*Required action:*
In your answer, repeat each line of the data exactly.

*Collected material:*
════════

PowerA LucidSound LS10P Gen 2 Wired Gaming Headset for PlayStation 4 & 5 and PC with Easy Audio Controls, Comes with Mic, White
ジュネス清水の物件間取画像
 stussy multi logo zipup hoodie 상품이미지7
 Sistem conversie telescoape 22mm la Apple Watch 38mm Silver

════════

*Completed task:*
PowerA LucidSound LS10P Gen 2 Wired Gaming Headset for PlayStation 4 & 5 and PC with Easy Audio Controls, Comes with Mic, White
ジュネス清水の物件間取画像
 stussy multi logo zipup hoodie 상품이미지7
 Sistem conversie telescoape 22mm la Apple Watch 38mm Silver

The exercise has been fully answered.